“It has to hurt.” Conor ‘Baby’ McConville, January 2011.
January is a testing time for any GAA player. In years gone by it meant freezing rain whipping at your face, driven by an Artic wind as you ran endless laps of the pitch or up and down a steep incline. It meant icy rainwater seeping through your fingers as you forced your body up and down in the press-up position.
In more recent times it has meant closing your grip around an iron bar and pushing it repeatedly into the air. It has meant racing up and down an unforgiving sports hall floor, competing against an ever-increasing rhythmic bleep until it’s deemed socially acceptable to bow out.
It can indeed hurt, especially if the excess of the Christmas period has taken its toll. Those bleeps follow each other much too fast for your liking, the iron is hard to raise and the turf feels that little bit more sodden and miserable. Maybe I’m just getting old.
You go through it though, season after season, in the knowledge, perceived or otherwise, that in August you are going to peak to play a starring role in your team’s glorious championship run. McConville's throwaway remark at the beginning of that title-winning season struck a chord that reverberated throughout the year.
The pre-season mantra exults that if you put the work in, the rest will follow. It doesn’t always.
August arrives. You’ve had a steady league, not spectacular but then you’re not that sort of player. You’re the dependable sort, the clingy corner back. You haven’t conceded too many scores and are already turning your attention to the county website, awaiting the moment the details drop for the opening round.
The team weekend comes and goes and brings with it the inimitable feeling of briefly behaving like a professional. Well, the associated rip apart of course. You are ferried from place to place, there is a zip about the team sessions, a camaraderie rising like the tide and lifting all players with it.
The week of the match comes and you channel every championship season you’ve experienced since you were an underage player. Little routines are built on, boots left in a certain place, diet and water intake adjusted accordingly. Some even go for a haircut.

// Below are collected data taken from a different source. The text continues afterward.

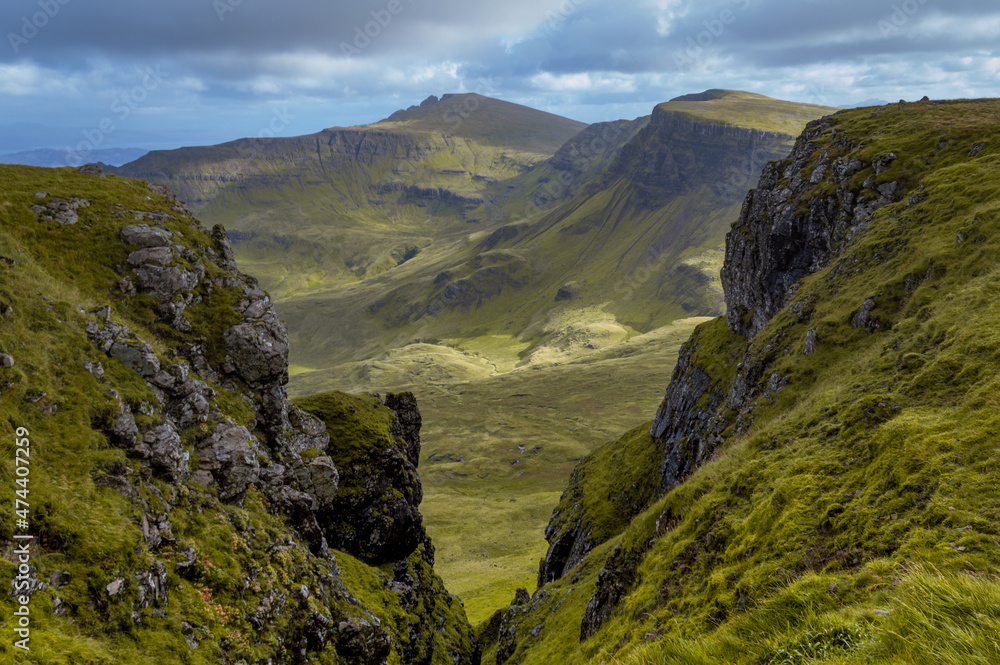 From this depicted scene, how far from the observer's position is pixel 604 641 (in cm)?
2528

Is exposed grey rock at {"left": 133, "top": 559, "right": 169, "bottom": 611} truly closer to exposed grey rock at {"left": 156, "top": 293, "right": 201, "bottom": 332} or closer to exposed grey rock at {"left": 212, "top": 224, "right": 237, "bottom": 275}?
exposed grey rock at {"left": 156, "top": 293, "right": 201, "bottom": 332}

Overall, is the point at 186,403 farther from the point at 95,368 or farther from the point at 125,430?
the point at 95,368

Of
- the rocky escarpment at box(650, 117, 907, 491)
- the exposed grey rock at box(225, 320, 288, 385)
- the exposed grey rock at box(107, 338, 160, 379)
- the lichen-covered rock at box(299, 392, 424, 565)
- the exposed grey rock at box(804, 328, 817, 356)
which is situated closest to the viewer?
the exposed grey rock at box(107, 338, 160, 379)

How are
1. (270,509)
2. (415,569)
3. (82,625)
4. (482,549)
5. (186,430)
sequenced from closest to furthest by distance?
(82,625) < (186,430) < (270,509) < (415,569) < (482,549)

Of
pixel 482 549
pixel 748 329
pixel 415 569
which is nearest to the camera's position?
pixel 415 569

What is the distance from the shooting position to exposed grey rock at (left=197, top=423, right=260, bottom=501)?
1100 inches

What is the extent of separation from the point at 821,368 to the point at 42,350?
50408 millimetres

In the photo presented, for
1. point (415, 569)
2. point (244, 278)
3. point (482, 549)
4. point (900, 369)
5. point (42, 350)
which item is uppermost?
point (244, 278)

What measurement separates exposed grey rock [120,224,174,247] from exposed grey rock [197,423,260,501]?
48.1 ft

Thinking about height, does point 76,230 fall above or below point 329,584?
above

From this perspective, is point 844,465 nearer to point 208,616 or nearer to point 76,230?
point 208,616

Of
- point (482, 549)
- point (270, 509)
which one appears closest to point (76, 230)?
point (270, 509)

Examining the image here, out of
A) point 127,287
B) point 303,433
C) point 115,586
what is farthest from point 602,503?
point 115,586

The arrangements are made and everyone is on time, for a change. The sound of nervous laughter rings around the dressing room. The clatter of studs sounds the backdrop as your mind provides the drama, analysing your man, delving into your personal archive to remember games gone by against him, on this pitch, in you position.
The manager calls for order and closes the door to the inner sanctum. The players gradually halt the idle chatter and there is focus in the room as he delivers his initial salvo. The team is named.
You’re not on it.
The remainder of the manager’s advice fades into the background as you apply your best poker face to the situation. The warm-up is spent critically appraising your team-mates’ every touch.
Every dropped ball is begrudgingly noted as you reluctantly play the role of cheerleader, sharing encouragement through gritted teeth as you make your way off the pitch. Past your position.
To the bench.
I never saw a minute of action during Lámh Dhearg's 2011 Antrim IHC championship campaign. I have the medal of course, a reward for the effort expended but also a painful reminder of what can happen when you take your eye off the ball.
To one not accustomed to life as a substitute, looking on from the bench at a winning championship campaign is excruciating. The conflict between hoping your team is successful and wilfully hoping for disaster is a tussle between your most primitive impulses.
On one hand you are hoping for the win to see you through to the next round, or take home the trophy, but a large part of you is destructive, willing injury or misfortune on the man in your position. Hoping and praying that his direct opponent takes him to the cleaners, or that he rolls an ankle. Nothing serious, just enough to put him out of action to get your foot back in the door.
When his man turns him for a score, your Gar Public goes through the motions of cursing and fixing the action on the pitch with your best look of concern, while all the while your Gar Private dances a jig of anticipation of the next catastrophe.
Your acting skills sky-rocket, outwardly a picture of delight when your team wins, or your replacement makes a stirring block to deny a goalbound opportunity, while inwardly you are apoplectic with rage and jealousy.
Eamon Dunphy articulated the emotional conflict involved in being dropped in his frank memoir of life as a professional footballer Only a Game? as he recalled being cast aside seven games into the season with Millwall.
“I’m sitting in the stand, wanting them to lose, but unable to show it. Because there are people around, I’ve got to pretend I want them to win. I can’t jump in the air when Sheffield score. Which I want to do. And when Millwall score I’m sick, but I have to jump up in the air. And there is this terrible conflict the whole time. It is the same for everybody who has been dropped.”
It has to hurt.
And it did.
If it doesn’t, you may as well forget all about it.